Transformation vital to realising the full economic benefits of mining in Africa, note experts

Erudite Group of Companies Chairman Vincent Raseroka and Chief Executive Officer Johann de Bruin discuss major opportunities and challenges in Africa’s mining sector, as well as the company’s growth plans and strategy for 2023.  

“After two years of pandemic-related disruptions, the African continent’s mining and commodities sector is ripe for expansion, offering countries a vital opportunity to drive sustainable socio-economic development and emerge as global powerhouses,” argues Vincent Raseroka, Executive Chairman of the Erudite Group of Companies.

“The trouble facing the minerals sector, however, remains a lack of transformation and localisation, preventing economies and businesses from realising its full benefits.”

As an African-focused engineering, procurement and construction management (EPCM) company, local success story Erudite has overcome this hurdle through a unique transformation-focused approach which emphasises local partnerships, skills development and country-specific solutions to support the development of sustainable mining businesses and enterprises.

This approach has proved enormously successful since its launch in February 2017, with the company experiencing meteoric growth and working on projects in Madagascar, Tanzania, Zambia, Namibia, Peru, and South Africa.

“Erudite was founded on the principle that a truly transformed EPCM that could compete with the multi-nationals did not exist at the time,” explains Group Chief Executive Officer Johann de Bruin. 

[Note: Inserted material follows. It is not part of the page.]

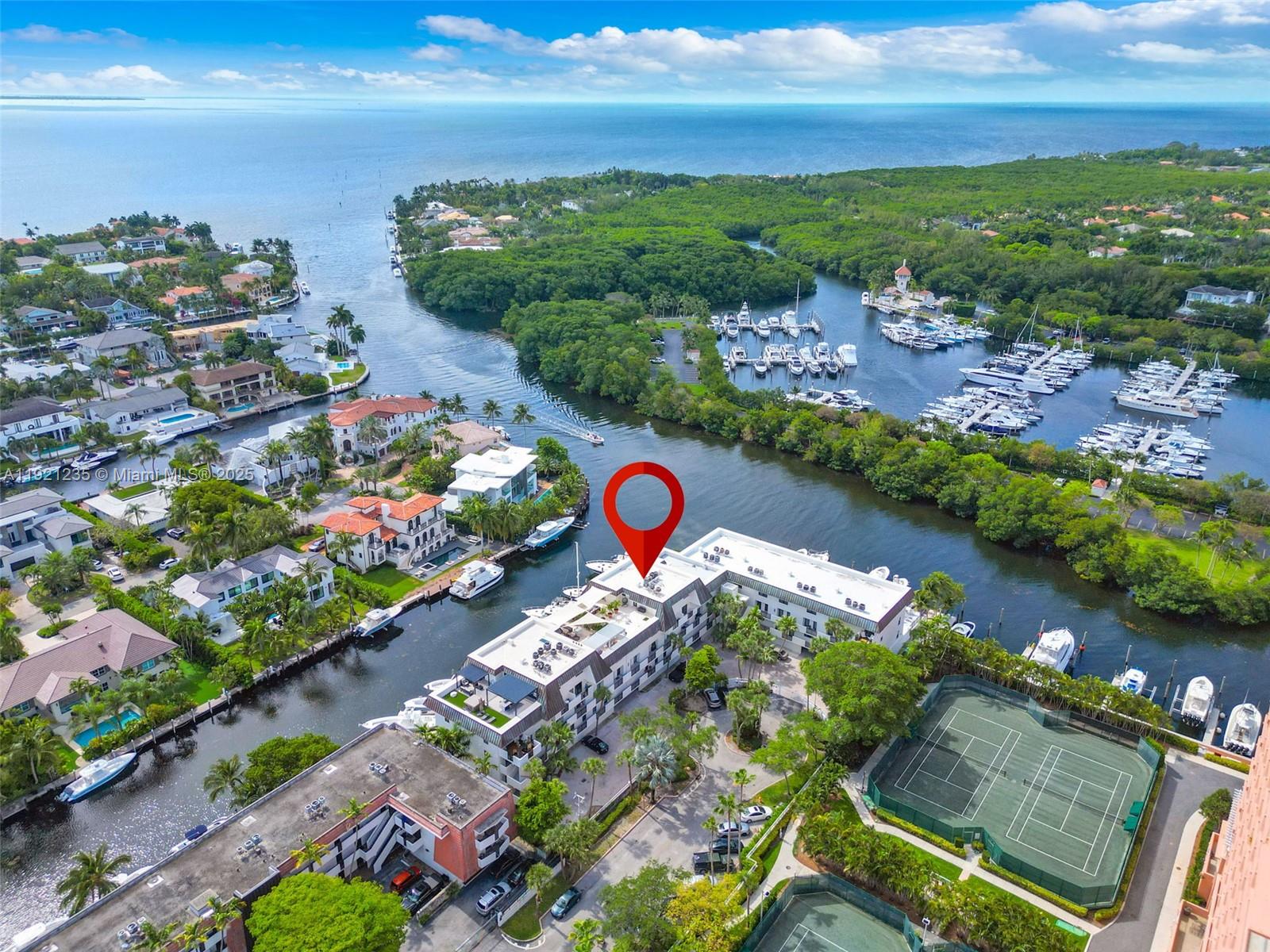 6901 Edgewater Dr #315 Coral Gables, FL 33133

“Today, Erudite has delivered projects of scale and has recently been appointed as lead EPCM on a multibillion-rand project, proving that it has secured a reputation that allows it to compete at the highest level with top transformation talent.”

Despite these achievements, the African mining sector continues to lag the overall recovery seen in other parts of the globe. In South Africa, for example, PWC analysis reveals that by mid-2022, the mining sector remained nearly 10% smaller than before the pandemic, employing 5% fewer individuals across various operations.

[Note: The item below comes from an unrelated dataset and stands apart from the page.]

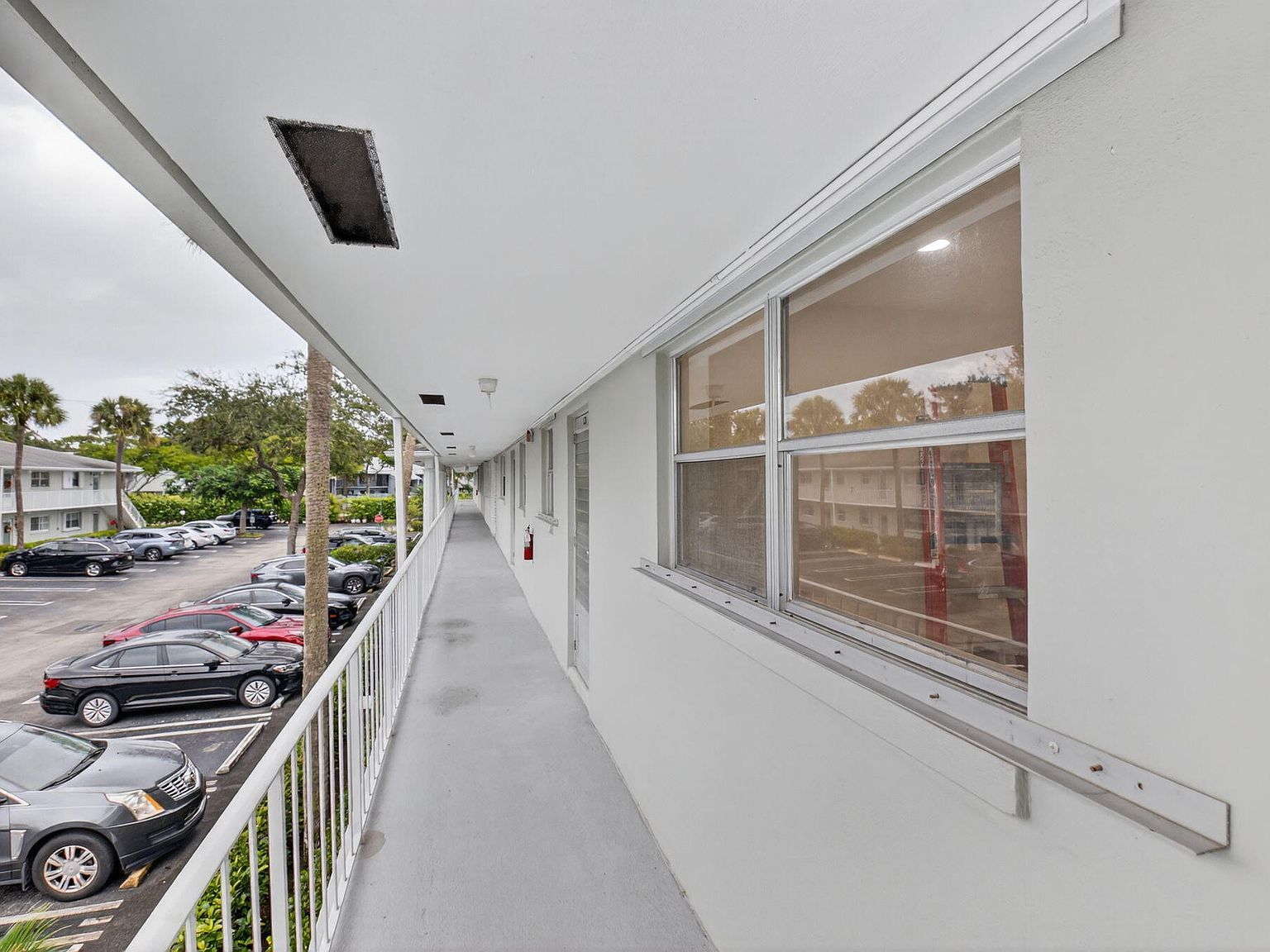 2340 SW 22nd Ave APT 312 Delray Beach, FL 33445 - Thumbnail 3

That said, Raseroka observes that Erudite has seen a notable rebound in new projects over the past year in line with global market trends. Growing demand is especially evident in the extraction and beneficiation of battery commodities needed for high-end products such as electrical vehicles. 

“Strong demand for minerals and rising commodity prices mean that this is a particularly exciting time for newcomers and start-ups in the industry. But it’s important to recognise the unique challenges present in each country and adapt accordingly to realise each project’s full potential rather than attempting a blanket, prescriptive approach.”

“Global mining companies typically favour multi-national EPCM companies for larger-scale projects.”

Vincent Raseroka, Executive Chairman of the Erudite Group of Companies

“Local EPCMs such as Erudite are perfectly positioned to benefit from this need, offering deep experience in African markets, as well as fostering local partnerships to better manage the many nuances of each of Africa’s 54 unique nations.”

Bridging the gap

Looking ahead, Raseroka notes that as part of its growth strategy, Erudite will continue targeting all mining clients irrespective of size and commodity, including small and medium-sized mining ventures. In this way, the company hopes to establish autonomous offices throughout Africa in keeping with its transformation objectives.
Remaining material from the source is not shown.